We investigated whether sociodemographic (age, sex, race, insurance, marital status, median household income) and clinical (FEV1 % of predicted, body mass index, depression/anxiety, alcohol/substance misuse, absolute/relative contraindications) factors influenced referral and waitlist registration. We conducted a retrospective cohort study through chart review of hospitalized patients on the University of Chicago general medicine service from 2006–2014 meeting transplant-eligible criteria and ICD-9 billing codes for cystic fibrosis (CF) and pulmonary fibrosis (PF). We analyzed the times from transplant-eligibility to referral, work-up, and waitlist using Kaplan-Meier curves and log-rank tests.

Results:

Overall, referral rates for transplant-eligible patients were 64%. Of those referred, approximately 36% reach the lung transplant waitlist. Referred CF patients were significantly more likely to reach the transplant waitlist than PF patients (CF 60% vs. PF 22%, p<0.05). In addition, CF patients experience a shorter wait from transplant- eligibility to waitlist than PF patients (329 vs. 2369 days, respectively [25th percentile], p<0.05). Patients with PF and CF both faced delays from eligibility to referral and waitlist.

Conclusions:

Quality improvement efforts are needed to better identify and refer appropriate patients for lung transplant evaluation. Targeted interventions may facilitate more efficient evaluation completion and waitlist appearance.

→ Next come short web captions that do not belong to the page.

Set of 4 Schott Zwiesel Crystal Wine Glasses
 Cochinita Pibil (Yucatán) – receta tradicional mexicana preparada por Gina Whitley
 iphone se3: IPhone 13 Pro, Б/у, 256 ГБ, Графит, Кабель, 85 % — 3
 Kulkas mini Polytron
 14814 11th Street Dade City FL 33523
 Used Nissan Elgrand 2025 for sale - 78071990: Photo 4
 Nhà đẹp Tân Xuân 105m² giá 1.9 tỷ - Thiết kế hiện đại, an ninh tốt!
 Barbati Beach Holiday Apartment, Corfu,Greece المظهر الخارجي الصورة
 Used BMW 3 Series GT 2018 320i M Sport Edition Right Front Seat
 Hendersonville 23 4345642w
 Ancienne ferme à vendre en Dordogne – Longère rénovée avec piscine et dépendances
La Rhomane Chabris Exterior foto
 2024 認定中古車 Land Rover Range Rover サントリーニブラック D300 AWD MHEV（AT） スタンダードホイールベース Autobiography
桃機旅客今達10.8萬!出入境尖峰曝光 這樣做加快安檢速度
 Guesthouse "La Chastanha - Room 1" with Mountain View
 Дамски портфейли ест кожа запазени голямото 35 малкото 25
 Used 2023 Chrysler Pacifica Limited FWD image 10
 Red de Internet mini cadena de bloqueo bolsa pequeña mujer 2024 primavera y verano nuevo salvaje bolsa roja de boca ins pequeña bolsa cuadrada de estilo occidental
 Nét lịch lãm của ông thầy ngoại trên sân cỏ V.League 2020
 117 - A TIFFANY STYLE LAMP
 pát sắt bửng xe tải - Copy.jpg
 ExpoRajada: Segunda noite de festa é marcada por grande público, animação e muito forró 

Keywords: cystic fibrosis, lung transplant, pulmonary fibrosis, waitlist

Introduction

Many surgical and immunologic barriers to successful lung transplantation have been overcome in the United States since the early 1980s. System-level challenges have also been identified and improved. Prior to 2005, the Organ Procurement and Transplantation Network (OPTN) allocated deceased donor lungs to candidates based on waitlist time regardless of disease severity. Wait times averaged over 2 years and nearly 10% of candidates died on the waitlist during this time period.1,2 In 2005, the OPTN implemented reform through the Lung Allocation Score (LAS) which prioritized patient benefit and post-transplant survival, reducing waitlist to transplant time to less than 200 days and reducing mortality on the waitlist.2

Despite many advances, few studies have addressed the complicated processes involved with referring transplant-eligible patients for lung transplant evaluation and completing the evaluation process to appear on the waitlist. Prior work demonstrated that early referral for transplant evaluation improves patients’ access to appropriate specialist care, improves survival on the wait list, and mitigates the anxiety of patients and caretakers in disease management.3 Multidisciplinary transplant teams involved in the care of waitlisted patients improve patient outcomes regardless of whether the patient receives a transplant.4

In fact, the wait for the waitlist—the time spent between transplant-eligible diagnoses to waitlist appearance—may prove overwhelmingly challenging for many patients. During this time, patients must undergo a battery of more than 30 tests, screening procedures, and subspecialty consults. Additionally, patients must demonstrate a good record of medical adherence, access to consistent social support, and adequate financial resources in order to be placed on the lung transplant waitlist.4 Successful completion of these tests and appointments may hinge on the socio-demographic and clinical characteristics of the patient, as has been demonstrated in other transplant populations.5,6 Overcoming the multifaceted obstacles faced by potential candidates in accessing the waitlist requires concerted efforts by certified lung transplant programs.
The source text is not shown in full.